March 1 when you received the shares. That's when you actually used the dividend money to purchase the shares and that's the date you would use at any point when you choose to sell stock and the day after that would be used to determine your holding period. The company's purchase did not cause you to own the stock.
Thank you for the reply. I agree completely; however, the investment company that holds my accounts recently decided to change the date acquired to be the trade date. The following is a real transaction. I sold shares of Company A on Dec 28th of 2017 to include yy shares which were obtained as a reinvested dividend on Dec 30, 2016 (the dividend payable date). Those shares were part of bulk trades made on Dec 27, 2016 by the investment company in the course of their dividend reinvestment program so that their settlement would occur and the shares would be available to credit my (and others) accounts on Dec 30. I assume those shares would be a short term capital gain however, the 1099 B classified it as long term because it used the Dec 27, 2016 trade date and not the Dec 30th dividend date when I received the dividend and the shares. Sorry it is so wordy but precision in terminology is important in this situation.
You and I are applying logic. How would you suggest getting a definitive interpretation. I should add the investment company refuses to answer why they changed. The IRS Pubs I have looked at suggest if you don't know when you acquired the stock, consult your 1099B.
What reinvestment price did they give you for the purchase of the shares with the dividend? Was it the price they paid on the 27th or a price from the day you reinvested?
The program knows in advance the total value of all dividends enrolled in the program and uses that figure to purchase the "most dividends" they can with that total on the trade date. Each participant receives their allocation of shares based on the average price for all shares purchased. The price is then based on the trade date and not the dividend payable date.
I can only surmise that you have an account where stocks can be purchased and held in street name, meaning the broker buys it and holds it in their name. They can show this as allocation to your account because you have all rights to the stock at the time they purchase it.
Since the dividend amount has not yet been received by you, they must have a mechanism for charging you some interest for having used the broker's own money to buy the stock. Following that line of thought, I see nothing wrong with them pre-purchasing stock for you and then using that date as the date of purchase. If I were you, however, I would want to ask them about the interest or commission charge for this purchase.
Thank you.
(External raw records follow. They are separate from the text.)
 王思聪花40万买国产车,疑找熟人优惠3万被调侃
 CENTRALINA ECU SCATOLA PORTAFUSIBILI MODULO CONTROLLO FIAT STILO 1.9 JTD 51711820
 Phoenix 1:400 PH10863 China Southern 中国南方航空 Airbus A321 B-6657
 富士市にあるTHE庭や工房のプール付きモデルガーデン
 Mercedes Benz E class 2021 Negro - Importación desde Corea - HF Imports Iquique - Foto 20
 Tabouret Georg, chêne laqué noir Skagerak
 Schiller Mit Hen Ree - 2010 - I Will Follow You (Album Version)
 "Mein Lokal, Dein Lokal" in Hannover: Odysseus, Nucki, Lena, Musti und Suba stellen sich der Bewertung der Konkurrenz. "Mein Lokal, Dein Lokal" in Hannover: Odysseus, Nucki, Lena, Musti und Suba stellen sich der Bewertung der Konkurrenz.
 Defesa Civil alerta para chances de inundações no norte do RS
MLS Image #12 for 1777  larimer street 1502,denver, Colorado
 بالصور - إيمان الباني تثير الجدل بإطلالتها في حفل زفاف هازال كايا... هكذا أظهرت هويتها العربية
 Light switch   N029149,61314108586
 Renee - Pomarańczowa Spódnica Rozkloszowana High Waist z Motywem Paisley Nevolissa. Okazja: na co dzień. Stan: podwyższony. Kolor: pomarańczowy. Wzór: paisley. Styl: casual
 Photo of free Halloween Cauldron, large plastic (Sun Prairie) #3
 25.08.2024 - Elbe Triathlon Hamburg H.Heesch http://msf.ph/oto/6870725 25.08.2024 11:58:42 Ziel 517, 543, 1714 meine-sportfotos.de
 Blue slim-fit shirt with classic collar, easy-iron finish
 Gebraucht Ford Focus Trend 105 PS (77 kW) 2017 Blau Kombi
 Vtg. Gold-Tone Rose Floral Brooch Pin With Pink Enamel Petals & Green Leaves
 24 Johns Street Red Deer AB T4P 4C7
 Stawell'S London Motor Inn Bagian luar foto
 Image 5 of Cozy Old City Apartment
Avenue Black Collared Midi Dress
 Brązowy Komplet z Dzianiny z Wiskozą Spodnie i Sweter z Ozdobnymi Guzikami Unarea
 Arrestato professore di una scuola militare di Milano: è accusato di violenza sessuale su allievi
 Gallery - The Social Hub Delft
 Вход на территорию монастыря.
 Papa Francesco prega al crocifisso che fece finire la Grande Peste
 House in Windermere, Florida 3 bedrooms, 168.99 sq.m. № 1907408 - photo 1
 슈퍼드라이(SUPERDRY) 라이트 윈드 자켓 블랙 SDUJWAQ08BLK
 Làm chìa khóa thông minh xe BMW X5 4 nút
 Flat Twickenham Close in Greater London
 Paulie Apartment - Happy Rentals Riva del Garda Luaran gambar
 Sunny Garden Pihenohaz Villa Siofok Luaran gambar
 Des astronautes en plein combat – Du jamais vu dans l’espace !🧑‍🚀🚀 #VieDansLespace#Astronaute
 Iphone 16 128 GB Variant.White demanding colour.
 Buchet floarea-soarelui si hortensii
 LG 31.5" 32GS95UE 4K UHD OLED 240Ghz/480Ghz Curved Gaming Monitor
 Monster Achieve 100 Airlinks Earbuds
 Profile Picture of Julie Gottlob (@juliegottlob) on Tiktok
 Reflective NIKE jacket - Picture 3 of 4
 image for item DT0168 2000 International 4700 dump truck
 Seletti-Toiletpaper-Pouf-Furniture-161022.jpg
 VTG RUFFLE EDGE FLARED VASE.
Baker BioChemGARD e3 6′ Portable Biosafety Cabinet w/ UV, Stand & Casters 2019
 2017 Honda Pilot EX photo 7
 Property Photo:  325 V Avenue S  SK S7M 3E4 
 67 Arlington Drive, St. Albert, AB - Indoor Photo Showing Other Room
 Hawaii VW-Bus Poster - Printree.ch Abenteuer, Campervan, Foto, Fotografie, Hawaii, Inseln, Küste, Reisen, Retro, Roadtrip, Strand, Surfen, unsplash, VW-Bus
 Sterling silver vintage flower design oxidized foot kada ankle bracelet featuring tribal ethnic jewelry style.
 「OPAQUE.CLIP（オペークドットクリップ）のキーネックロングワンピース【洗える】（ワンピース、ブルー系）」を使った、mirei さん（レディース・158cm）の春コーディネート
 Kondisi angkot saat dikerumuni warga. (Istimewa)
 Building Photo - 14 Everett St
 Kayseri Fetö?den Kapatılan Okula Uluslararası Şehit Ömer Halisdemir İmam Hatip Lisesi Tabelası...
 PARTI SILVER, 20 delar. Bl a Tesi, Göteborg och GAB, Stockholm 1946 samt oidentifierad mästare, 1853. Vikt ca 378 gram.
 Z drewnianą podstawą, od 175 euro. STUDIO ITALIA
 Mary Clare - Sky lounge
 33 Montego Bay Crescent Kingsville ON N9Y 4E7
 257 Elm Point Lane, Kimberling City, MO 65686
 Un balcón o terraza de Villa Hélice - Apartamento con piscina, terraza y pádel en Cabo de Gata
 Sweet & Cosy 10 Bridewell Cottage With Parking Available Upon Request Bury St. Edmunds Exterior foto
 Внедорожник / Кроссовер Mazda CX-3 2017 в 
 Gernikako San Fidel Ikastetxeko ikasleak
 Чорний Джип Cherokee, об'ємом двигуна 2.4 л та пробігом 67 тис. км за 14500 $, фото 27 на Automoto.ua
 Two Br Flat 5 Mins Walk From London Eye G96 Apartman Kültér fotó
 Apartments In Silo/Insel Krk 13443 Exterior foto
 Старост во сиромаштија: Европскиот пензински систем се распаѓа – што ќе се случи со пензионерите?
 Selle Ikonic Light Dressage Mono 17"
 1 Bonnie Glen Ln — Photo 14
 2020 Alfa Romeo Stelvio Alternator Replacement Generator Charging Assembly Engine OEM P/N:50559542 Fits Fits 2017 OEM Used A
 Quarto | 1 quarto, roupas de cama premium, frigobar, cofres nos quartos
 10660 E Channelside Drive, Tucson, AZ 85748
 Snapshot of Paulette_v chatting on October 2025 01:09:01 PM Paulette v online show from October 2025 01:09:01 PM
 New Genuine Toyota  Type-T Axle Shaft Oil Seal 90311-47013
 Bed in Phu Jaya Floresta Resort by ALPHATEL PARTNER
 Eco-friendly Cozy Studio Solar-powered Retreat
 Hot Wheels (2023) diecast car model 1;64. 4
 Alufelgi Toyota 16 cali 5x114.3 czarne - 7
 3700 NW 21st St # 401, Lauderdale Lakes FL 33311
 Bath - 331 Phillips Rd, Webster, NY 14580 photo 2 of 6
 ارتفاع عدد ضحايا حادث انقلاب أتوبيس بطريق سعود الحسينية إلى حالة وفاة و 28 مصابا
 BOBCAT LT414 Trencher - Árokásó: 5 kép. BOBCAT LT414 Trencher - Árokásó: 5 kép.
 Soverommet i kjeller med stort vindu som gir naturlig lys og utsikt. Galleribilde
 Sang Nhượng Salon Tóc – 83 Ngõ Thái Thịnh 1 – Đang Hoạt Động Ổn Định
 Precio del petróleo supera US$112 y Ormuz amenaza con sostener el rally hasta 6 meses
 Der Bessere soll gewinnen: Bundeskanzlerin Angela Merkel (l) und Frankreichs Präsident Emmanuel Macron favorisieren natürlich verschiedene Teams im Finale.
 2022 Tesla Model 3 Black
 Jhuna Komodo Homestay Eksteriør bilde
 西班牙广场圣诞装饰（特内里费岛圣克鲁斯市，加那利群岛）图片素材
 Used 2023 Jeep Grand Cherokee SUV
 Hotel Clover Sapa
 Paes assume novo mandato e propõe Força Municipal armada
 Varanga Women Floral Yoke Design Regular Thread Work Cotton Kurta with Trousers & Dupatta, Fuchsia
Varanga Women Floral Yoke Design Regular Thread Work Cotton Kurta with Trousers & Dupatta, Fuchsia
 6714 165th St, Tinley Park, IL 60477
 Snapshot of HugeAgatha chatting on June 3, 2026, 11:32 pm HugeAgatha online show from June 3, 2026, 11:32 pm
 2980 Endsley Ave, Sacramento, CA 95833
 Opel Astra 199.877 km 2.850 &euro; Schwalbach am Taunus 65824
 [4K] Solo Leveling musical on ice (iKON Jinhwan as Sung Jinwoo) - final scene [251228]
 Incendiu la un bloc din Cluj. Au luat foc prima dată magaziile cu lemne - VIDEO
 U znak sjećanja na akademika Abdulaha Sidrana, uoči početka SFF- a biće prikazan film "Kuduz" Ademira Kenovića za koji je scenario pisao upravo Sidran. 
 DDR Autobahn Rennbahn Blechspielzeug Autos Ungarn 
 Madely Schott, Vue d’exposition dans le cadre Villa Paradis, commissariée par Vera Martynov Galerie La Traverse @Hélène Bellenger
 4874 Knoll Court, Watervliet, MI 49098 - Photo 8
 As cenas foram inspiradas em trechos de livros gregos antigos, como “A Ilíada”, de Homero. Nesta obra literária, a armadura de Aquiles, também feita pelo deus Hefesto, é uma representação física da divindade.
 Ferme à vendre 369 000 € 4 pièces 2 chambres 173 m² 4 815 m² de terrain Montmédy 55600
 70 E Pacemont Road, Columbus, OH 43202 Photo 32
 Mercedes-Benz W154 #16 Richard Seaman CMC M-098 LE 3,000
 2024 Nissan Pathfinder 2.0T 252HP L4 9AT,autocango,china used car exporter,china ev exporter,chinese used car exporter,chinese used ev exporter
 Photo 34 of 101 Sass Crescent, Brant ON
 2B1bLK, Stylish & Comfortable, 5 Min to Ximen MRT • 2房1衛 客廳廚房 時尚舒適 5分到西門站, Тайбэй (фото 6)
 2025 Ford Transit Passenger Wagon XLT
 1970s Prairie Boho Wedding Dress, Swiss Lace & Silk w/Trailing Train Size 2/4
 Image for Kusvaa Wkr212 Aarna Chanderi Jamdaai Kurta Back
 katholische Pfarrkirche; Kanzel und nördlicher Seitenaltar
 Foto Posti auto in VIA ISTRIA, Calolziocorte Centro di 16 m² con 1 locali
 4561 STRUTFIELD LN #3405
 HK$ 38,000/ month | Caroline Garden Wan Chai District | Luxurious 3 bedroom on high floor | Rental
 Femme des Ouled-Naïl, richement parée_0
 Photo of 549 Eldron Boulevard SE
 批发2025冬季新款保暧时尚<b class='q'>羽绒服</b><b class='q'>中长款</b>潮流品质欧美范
It seems that the dividend reinvestment program is composed of two processes operating in parallel. The book keeping for the dividend payments and kind of an open ended stock purchase plan in which the broker has an "open, non-numeric specific" authorization to purchase shares in a manner timely to use the cash dividend payment for trade settlement. I can get my head around that and your description of the process as an allocation of the brokerages holdings fills some gaps.
The problem I am left with is why did they change from the dividend payable date about 18 months ago. I cannot find anything to cause the change.
Thank you for your conversation. I will mark this as answered. If you happen to ponder this further, please comment again. If I ever get an explanation, I will add that.